WITH the recent suggestion by the electricity network that factories and businesses could be asked to ration power use to prevent blackouts, the announcement of UK shale gas reserves that – if recoverable – would be the largest in the world comes in the nick of time. We must take on the unholy alliance of vested interests, from Vladimir Putin to Friends of the Earth, who want to stop Britain grasping this energy lifeline.

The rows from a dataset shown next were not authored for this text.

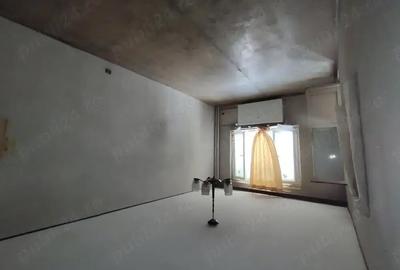 Apartament cu 3 camere decomandat în Rahova - 2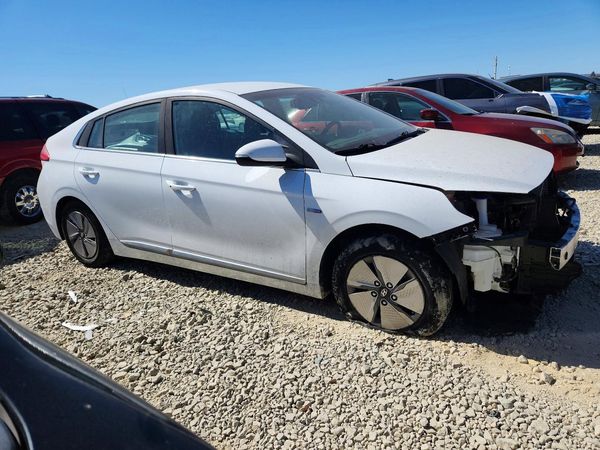 2020 HYUNDAI IONIQ SE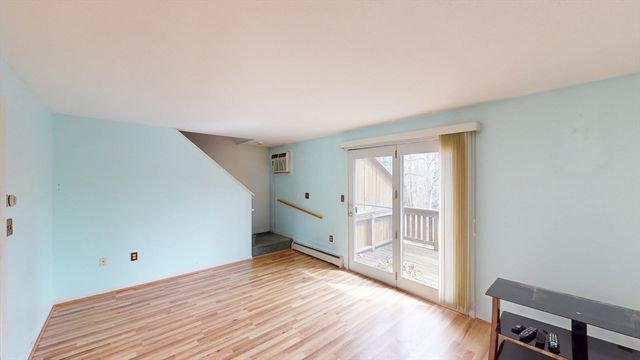 127 Cortland Circle 127, Leominster, MA 01453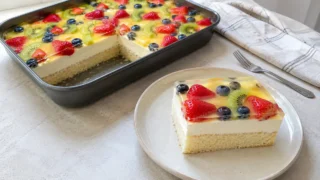 Biszkopt z kremem mascarpone i owocami – prosty przepis na lekki deser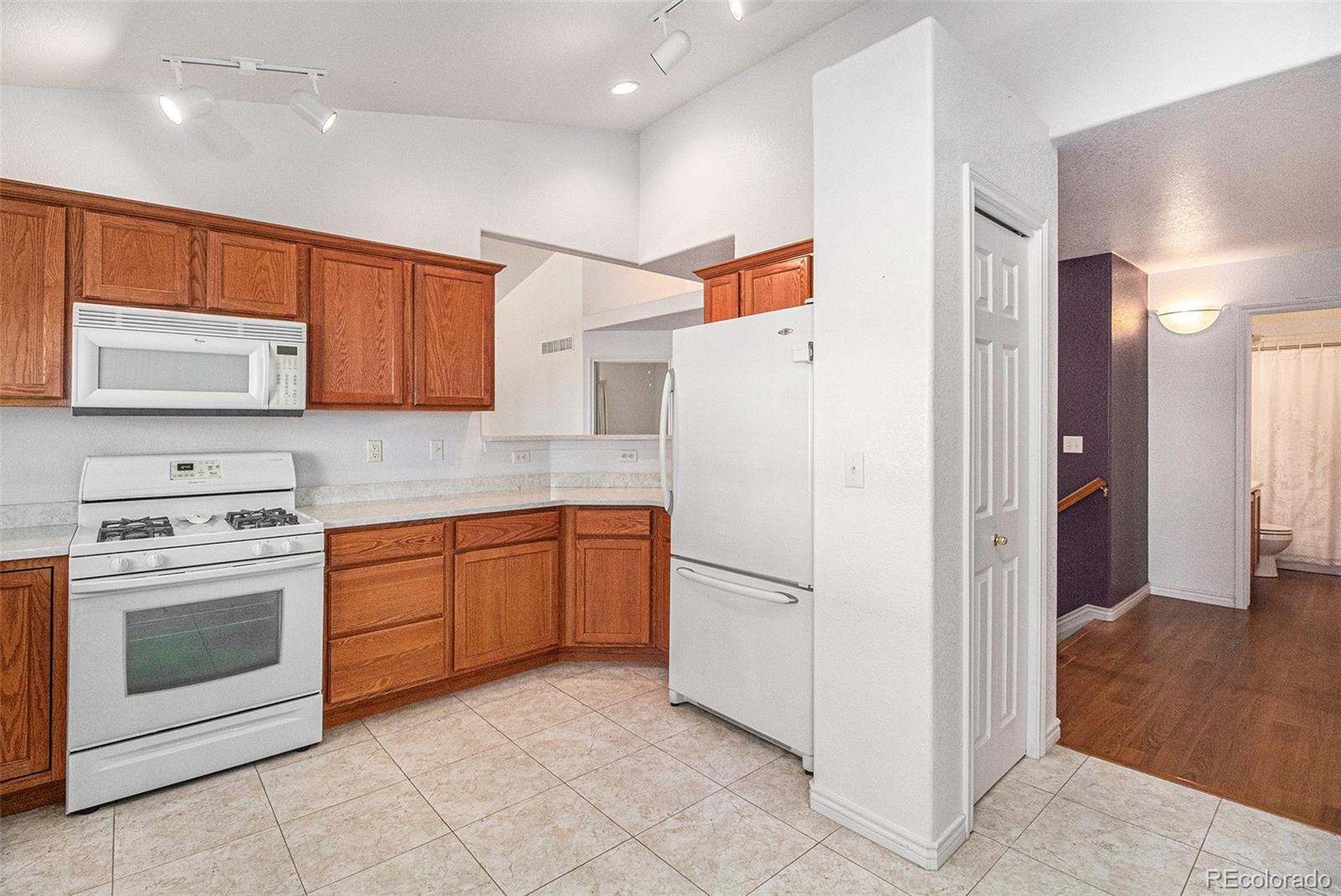 MLS Image #9 for 3056 s waco court,aurora, Colorado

The energy drought we face is stark. Regulator Ofgem now warns that our back-up energy stocks will fall to 2 per cent by 2015. The chances of blackouts will increase from one in 47 years to one in 12 years. Up until now, we’ve faced the unsavoury choice of keeping coal-fired power stations running – which is bad for the environment – or waiting for the lights to go out. For all the hype over current renewable technologies, they can’t meet UK energy needs without unthinkable hikes in prices. The last Labour government’s reckless failure to replace ageing power stations, and its infatuation with forcing customers to squander billions subsidising inefficient technologies like solar panels and wind farms, saw the number of households in fuel poverty double between 2004 and 2010. That left 5m homes struggling to stay warm in winter.
In truth, the environmental bandwagon, rolling since the Kyoto Protocol, has not made Britain greener. As Oxford University’s energy professor Dieter Helm argues, politicians’ obsession with current renewable technologies amounts to picking “winners [that] turn out to be some of the most expensive ways known to man to marginally reduce carbon emissions.” The government estimates that CO2 emissions produced in the UK fell by 19 per cent between 1990 and 2009, while emissions consumed rose by 20 per cent – driven by a near quadrupling of emissions produced to create Chinese imports. We haven’t kicked our carbon addiction, just replaced domestic with foreign suppliers.
A renaissance in nuclear power can help meet long-term energy demand, while decarbonising the economy. The coalition is close to a deal with EDF for a new nuclear power station at Hinkley Point. But replacing the capacity Labour left to rust will take time – and that is running out.